Analysis of Classifier-Free Guidance Weight Schedulers

Authors: Xi Wang, Nicolas Dufour, Nefeli Andreou, Marie-Paule Cani, Victoria Fernandez Abrevaya, David Picard, Vicky Kalogeiton

What

This paper investigates the use of dynamic weight schedulers in Classifier-Free Guidance (CFG) for diffusion models, showing that these schedulers can improve image fidelity, diversity, and textual adherence compared to static CFG.

Why

This paper is important because it provides a comprehensive analysis of dynamic guidance weight schedulers in CFG, which is a widely used technique for conditional diffusion models. The findings provide practical guidance for practitioners to improve the performance of their diffusion models with simple modifications.

How

The authors conducted experiments on various tasks, including class-conditioned image generation and text-to-image generation, using datasets like CIFAR-10, ImageNet, and LAION. They evaluated different heuristic and parameterized dynamic schedulers, comparing their performance against static CFG using metrics like FID, Inception Score, CLIP-Score, and diversity measures. They also performed a user study to assess the perceptual quality of generated images.

Result

Key findings include: (1) monotonically increasing weight schedulers (e.g., linear and cosine) consistently improve performance over static CFG; (2) a simple linear scheduler significantly enhances results without additional computational cost or parameter tuning; (3) parameterized schedulers can further improve performance but require tuning for each model and task.

LF

The authors acknowledge that the optimal parameters for parameterized schedulers do not generalize across different models and tasks. Future work could focus on developing more adaptable and robust parameterized schedulers. Another direction is to investigate the theoretical underpinnings of why dynamic schedulers work better than static CFG, leading to more principled design of these schedulers.

Abstract

Classifier-Free Guidance (CFG) enhances the quality and condition adherence of text-to-image diffusion models.
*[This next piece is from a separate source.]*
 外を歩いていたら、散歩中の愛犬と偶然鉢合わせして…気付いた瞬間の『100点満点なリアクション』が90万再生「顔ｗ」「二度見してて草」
It operates by combining the conditional and unconditional predictions using a fixed weight. However, recent works vary the weights throughout the diffusion process, reporting superior results but without providing any rationale or analysis. By conducting comprehensive experiments, this paper provides insights into CFG weight schedulers. Our findings suggest that simple, monotonically increasing weight schedulers consistently lead to improved performances, requiring merely a single line of code. In addition, more complex parametrized schedulers can be optimized for further improvement, but do not generalize across different models and tasks.